2つのメインルームのうちの一部屋では、ケンタウロスが自らの命を絶つために、天井から吊るされた鎖にだらりとぶら下がっている。一方、隣の部屋ではメスのケンタウレが横たわり出産している。よく見ると、青い羊水で包まれた赤ちゃんは両親とは異なったハイブリッドな生き物のように見える。生と死が隣り合わせにあり、移りゆく環境の中に順応しようと、未来も分からないまま変化を続けるその姿は、現代にも通じるものがあるのではないだろうか。
日本館・『2022』
国際交流基金が主催する日本館では、1984年に京都で設立された日本を代表するメディアアート集団、ダムタイプの新しい作品を世界初公開している。
高谷史郎をはじめとするメンバーに加え、坂本龍一がが新たに加わり制作された今回の作品『2022』は、インターネットやソーシャルメディアの進化、パンデミックにより変化した私たちのコミュニケーション方法、あるいは「Post Truth」「Liminal Spaces」にフォーカスしたもの。
真っ暗な展示室の中には、1850年代のアメリカの地理の教科書から引用された赤い文字が浮かび、 テキストを朗読する音声が耳元に届く。それとは対照的に部屋の中央には空白を感じさせるような空間があり、どこでもない場所であり、どこでもある場所のように感じられる。
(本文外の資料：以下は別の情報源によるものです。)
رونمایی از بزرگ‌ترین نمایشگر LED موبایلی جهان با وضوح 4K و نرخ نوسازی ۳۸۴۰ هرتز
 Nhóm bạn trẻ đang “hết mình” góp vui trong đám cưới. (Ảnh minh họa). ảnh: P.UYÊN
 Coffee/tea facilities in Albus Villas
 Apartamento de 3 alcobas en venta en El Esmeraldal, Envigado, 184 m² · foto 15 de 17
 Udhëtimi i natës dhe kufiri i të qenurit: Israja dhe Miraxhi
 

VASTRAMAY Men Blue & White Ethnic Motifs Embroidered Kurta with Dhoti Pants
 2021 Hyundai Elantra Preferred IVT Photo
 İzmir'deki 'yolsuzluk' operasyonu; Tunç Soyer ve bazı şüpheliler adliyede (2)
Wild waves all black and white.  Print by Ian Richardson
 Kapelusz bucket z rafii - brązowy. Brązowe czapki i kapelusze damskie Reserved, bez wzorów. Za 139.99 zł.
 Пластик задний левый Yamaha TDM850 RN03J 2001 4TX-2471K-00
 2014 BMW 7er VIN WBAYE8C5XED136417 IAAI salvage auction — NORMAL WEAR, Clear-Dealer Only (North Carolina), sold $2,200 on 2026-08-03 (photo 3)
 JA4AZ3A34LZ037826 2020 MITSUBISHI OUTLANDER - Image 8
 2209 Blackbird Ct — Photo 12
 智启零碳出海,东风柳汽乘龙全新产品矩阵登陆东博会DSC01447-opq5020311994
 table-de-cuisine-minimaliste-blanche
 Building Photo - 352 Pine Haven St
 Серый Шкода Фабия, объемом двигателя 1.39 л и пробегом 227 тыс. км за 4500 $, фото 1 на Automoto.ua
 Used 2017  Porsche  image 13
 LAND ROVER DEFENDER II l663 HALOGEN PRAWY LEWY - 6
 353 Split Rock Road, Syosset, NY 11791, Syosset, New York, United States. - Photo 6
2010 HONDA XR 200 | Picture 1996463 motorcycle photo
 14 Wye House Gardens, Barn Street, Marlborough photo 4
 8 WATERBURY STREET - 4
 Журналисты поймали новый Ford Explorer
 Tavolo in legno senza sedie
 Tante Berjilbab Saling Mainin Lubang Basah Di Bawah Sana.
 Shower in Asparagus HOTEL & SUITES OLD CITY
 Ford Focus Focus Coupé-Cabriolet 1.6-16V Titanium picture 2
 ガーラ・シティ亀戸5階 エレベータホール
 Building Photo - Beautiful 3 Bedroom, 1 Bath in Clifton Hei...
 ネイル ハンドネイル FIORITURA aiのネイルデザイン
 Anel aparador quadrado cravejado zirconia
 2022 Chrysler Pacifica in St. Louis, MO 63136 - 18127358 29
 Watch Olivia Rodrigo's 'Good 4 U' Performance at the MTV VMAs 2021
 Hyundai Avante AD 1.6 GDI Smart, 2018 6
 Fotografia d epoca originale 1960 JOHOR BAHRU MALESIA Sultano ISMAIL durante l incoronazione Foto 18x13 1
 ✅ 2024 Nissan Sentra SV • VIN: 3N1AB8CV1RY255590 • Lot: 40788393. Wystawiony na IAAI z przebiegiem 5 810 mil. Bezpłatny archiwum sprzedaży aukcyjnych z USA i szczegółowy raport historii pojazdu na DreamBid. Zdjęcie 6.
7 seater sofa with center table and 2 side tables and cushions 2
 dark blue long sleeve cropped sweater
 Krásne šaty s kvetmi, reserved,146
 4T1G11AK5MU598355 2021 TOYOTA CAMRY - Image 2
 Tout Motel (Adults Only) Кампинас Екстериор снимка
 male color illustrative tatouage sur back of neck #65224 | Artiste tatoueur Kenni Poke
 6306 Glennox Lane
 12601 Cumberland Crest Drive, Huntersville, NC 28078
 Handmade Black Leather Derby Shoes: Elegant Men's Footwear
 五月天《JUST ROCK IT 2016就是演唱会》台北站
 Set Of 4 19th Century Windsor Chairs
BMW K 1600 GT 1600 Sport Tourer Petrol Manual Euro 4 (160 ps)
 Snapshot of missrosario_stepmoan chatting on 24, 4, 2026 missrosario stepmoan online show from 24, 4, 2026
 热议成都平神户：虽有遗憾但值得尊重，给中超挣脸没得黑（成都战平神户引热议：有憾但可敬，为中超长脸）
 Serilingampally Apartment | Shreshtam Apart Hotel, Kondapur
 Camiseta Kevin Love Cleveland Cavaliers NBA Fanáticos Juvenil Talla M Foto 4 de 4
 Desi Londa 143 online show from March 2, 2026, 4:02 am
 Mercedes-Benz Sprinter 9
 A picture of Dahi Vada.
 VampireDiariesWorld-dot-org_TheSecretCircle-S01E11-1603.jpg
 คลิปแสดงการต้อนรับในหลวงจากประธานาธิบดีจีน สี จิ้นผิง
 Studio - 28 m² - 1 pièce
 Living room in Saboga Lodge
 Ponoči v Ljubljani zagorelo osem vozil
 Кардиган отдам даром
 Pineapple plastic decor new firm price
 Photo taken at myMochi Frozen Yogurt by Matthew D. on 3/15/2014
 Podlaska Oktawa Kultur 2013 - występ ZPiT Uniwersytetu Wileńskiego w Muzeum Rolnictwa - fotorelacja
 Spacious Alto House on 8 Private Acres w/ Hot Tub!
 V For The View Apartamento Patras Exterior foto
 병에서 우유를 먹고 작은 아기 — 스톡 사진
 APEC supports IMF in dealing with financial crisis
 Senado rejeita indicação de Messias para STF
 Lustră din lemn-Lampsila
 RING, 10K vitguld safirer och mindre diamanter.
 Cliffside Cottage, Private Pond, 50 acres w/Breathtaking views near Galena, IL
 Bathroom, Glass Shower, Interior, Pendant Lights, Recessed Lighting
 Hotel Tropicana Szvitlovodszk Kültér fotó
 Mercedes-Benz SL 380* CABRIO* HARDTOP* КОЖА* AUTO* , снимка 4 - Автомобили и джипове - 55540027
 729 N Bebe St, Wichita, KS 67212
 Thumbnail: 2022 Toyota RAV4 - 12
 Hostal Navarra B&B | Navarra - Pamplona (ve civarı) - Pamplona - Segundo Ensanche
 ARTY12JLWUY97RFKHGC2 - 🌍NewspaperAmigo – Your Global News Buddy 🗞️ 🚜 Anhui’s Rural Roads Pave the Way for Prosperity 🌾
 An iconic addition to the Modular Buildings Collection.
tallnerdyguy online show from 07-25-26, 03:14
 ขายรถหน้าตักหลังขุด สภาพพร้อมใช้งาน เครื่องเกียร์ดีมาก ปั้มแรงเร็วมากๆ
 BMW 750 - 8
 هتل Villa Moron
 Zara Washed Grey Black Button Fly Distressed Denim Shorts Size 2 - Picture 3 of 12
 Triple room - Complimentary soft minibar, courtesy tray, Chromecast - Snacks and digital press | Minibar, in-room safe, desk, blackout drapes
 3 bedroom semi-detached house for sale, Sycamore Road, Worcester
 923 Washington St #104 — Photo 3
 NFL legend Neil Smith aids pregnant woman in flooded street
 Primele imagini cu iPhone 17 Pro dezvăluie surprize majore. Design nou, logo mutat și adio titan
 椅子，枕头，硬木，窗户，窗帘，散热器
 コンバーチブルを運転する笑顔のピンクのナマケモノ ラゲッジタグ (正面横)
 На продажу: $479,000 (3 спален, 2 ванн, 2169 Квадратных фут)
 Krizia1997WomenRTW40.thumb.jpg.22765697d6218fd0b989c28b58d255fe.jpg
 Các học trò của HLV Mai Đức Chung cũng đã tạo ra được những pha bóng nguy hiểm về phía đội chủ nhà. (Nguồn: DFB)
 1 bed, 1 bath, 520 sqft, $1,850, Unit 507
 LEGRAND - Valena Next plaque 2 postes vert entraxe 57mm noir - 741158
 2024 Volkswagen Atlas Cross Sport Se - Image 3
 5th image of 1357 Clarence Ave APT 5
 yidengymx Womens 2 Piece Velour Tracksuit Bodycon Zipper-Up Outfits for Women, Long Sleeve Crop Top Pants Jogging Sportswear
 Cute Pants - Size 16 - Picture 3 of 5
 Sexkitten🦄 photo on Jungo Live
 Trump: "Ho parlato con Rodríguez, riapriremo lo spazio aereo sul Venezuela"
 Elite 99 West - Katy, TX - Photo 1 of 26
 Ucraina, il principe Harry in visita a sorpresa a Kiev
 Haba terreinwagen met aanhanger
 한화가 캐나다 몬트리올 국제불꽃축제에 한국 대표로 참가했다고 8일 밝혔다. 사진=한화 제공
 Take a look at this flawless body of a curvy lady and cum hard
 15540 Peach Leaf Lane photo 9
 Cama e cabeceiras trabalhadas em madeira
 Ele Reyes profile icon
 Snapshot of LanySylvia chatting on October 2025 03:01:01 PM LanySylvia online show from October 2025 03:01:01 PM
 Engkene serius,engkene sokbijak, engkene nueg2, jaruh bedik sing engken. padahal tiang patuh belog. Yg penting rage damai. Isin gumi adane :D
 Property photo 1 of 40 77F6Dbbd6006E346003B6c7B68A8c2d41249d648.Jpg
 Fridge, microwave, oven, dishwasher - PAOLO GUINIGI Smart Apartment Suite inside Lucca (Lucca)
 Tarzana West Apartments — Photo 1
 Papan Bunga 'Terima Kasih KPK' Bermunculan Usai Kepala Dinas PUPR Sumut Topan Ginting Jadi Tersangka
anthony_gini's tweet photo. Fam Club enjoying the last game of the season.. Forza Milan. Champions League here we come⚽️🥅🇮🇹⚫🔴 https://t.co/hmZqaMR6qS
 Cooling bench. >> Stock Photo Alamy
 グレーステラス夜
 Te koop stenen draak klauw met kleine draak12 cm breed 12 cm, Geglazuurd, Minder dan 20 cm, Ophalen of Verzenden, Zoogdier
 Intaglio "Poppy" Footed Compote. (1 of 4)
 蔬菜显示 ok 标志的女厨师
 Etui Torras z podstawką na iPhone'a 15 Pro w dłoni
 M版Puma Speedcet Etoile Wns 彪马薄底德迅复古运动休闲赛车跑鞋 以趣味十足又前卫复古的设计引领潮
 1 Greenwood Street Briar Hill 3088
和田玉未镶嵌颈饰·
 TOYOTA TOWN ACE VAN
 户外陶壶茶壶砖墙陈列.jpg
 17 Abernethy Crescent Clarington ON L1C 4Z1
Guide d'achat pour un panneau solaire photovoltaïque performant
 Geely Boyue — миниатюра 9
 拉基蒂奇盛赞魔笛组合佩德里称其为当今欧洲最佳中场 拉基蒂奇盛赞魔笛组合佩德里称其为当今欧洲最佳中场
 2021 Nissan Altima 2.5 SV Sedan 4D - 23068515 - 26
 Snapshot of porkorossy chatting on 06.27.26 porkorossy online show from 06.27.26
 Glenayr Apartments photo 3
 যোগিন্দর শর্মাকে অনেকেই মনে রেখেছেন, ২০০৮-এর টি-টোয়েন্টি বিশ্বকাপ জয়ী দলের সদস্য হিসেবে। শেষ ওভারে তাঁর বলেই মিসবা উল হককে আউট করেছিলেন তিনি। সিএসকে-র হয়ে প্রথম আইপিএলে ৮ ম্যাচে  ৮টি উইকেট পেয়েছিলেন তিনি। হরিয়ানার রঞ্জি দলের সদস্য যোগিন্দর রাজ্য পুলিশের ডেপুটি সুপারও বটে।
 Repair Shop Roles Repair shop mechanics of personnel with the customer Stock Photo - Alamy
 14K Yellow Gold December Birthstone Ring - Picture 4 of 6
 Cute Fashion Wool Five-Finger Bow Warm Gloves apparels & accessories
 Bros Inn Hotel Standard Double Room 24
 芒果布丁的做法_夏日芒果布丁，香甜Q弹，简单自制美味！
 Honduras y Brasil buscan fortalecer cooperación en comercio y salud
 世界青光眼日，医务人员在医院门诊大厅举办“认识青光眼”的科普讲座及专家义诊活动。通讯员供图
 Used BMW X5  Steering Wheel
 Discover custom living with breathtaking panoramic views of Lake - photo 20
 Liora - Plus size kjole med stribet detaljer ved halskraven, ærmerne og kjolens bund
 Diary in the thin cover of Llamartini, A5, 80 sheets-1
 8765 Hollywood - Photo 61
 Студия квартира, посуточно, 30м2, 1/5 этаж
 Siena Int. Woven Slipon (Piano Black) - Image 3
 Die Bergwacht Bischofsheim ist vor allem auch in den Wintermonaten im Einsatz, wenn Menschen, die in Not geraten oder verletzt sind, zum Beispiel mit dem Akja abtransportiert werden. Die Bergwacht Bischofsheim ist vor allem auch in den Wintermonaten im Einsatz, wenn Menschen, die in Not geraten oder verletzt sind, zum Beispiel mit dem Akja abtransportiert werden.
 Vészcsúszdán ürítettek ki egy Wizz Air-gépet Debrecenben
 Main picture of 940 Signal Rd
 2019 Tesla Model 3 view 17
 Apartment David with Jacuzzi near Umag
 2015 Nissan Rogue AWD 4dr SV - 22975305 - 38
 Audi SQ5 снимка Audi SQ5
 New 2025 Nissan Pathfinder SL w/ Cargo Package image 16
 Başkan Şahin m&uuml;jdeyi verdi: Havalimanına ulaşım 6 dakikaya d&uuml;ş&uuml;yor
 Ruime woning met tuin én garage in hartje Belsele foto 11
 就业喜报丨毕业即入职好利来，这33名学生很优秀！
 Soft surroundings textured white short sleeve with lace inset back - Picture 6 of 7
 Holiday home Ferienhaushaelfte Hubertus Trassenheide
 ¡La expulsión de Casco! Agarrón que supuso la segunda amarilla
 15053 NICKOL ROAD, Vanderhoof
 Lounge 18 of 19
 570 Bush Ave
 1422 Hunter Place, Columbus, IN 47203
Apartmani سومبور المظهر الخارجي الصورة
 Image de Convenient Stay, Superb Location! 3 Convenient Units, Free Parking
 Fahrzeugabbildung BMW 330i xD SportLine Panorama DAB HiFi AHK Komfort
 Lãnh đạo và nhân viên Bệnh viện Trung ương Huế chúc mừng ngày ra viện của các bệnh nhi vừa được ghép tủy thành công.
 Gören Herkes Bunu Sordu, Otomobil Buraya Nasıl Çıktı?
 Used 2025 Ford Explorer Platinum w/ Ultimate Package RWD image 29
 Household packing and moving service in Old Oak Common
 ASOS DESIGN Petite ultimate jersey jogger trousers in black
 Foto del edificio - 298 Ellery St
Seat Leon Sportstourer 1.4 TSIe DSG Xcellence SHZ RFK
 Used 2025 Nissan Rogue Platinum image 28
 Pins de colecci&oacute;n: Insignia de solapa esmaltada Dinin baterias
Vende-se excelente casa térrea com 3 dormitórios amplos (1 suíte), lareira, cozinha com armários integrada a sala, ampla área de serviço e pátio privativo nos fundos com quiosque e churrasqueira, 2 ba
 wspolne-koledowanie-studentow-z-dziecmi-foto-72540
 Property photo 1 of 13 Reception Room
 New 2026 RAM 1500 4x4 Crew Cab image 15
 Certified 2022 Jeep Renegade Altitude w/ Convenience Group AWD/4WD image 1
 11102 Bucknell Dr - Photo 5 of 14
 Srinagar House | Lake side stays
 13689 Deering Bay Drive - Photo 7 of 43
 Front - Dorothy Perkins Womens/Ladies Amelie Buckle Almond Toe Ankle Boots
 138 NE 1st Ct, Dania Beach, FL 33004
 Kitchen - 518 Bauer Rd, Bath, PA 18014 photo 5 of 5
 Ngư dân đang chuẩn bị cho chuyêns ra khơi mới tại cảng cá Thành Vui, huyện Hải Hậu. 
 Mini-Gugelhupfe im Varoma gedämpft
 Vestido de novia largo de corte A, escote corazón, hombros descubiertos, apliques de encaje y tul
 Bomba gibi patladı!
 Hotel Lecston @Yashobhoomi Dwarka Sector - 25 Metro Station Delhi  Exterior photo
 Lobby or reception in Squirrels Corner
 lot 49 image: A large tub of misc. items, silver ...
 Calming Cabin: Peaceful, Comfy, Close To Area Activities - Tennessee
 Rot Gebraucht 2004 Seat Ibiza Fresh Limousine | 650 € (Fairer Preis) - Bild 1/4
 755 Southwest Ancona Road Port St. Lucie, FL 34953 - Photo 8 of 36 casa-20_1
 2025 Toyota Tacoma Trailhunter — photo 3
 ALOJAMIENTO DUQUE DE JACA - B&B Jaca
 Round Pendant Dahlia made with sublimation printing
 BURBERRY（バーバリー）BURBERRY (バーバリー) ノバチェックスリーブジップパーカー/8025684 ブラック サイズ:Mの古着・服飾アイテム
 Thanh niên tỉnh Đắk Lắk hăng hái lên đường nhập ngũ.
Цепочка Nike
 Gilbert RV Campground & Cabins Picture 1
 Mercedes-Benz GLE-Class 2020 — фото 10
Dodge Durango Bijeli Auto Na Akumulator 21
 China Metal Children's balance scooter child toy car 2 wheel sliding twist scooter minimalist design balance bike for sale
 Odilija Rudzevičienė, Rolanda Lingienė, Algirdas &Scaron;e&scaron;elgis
この空間に身を置くことで、人のいない不思議な空間、ソーシャルディスタンスにより人との距離感が変化し、コミュニケーションがデジタル上で文字化されるこの現代に、「私たち」はどうあるべきなのか?「人間」として、技術の進歩とどう向き合っていくべきなのかという、より本質的な問いにたどり着くのではないだろうか。
ルーマニア館・『You Are Another Me - A Cathedral of the Body』
18歳以下は入場できないこの展示。分かりやすく、インパクトがあり、今回のビエンナーレで最も挑発的な作品の一つだ。思わず目をそらしてしまうような、不快感を覚える人がいるかもしれない。しかし、その不快感こそが社会に植え付けられた古い価値観なのかもしれない。
2018年ベルリン国際映画祭での金熊賞を受賞作品となった、アディナ・ピンティリエの長編映画、『Touch Me Not(タッチ・ミー・ノット)』の一部をビデオインスタレーションにしたのがこの『You Are Another Me - A Cathedral of the Body(あなたはもう一人の私 – 身体の大聖堂)』だ。ビデオには、社会がつくり上げてきた“普通”の外に存在する人たちが映し出される。
同性愛者のカップル、障害者の活動家、トランスジェンダーのセックスワーカーが裸で登場し、親密な様子で話したり触れ合ったりする様子が捉えられている。定められた規範を再定義すべきだと抗議していると同時に、すべての先入観を超えた身体間のつながりを祝う大聖堂を表現しているかのようにも思える。
中でも印象的だったのは、男性の体を持つトランスジェンダーが、スクリーンの中から私たちを見つめ、女性であるように見せようとアクティングする。映し出された現実を目の当たりにし、様々な感情が入り交じった展示であった。
オーストリア館・『Invitation of the Soft Machine and Her Angry Body Parts』
『Invitation of the Soft Machine and Her Angry Body Parts(ソフトマシンとその怒れるボディパーツの招待)』と題されたこの展示を手がけたのは、公私を共にする2人のアーティスト、ヤコブ・レナ・クネブルとアシュリー・ハンス・シェール。
本来、人体は、脳が「欲望」に反応し、それぞれの臓器が動くことで機能している。しかし、人工知能の進化により、マシンやAIが人間の役割を果たすことで、いつしか人間は「欲望」を、そして「人体」を失い、デジタル化により、個々のつながりを持たない「ソフトマシン」が社会を形成するのではないかということを訴えかけているように思える。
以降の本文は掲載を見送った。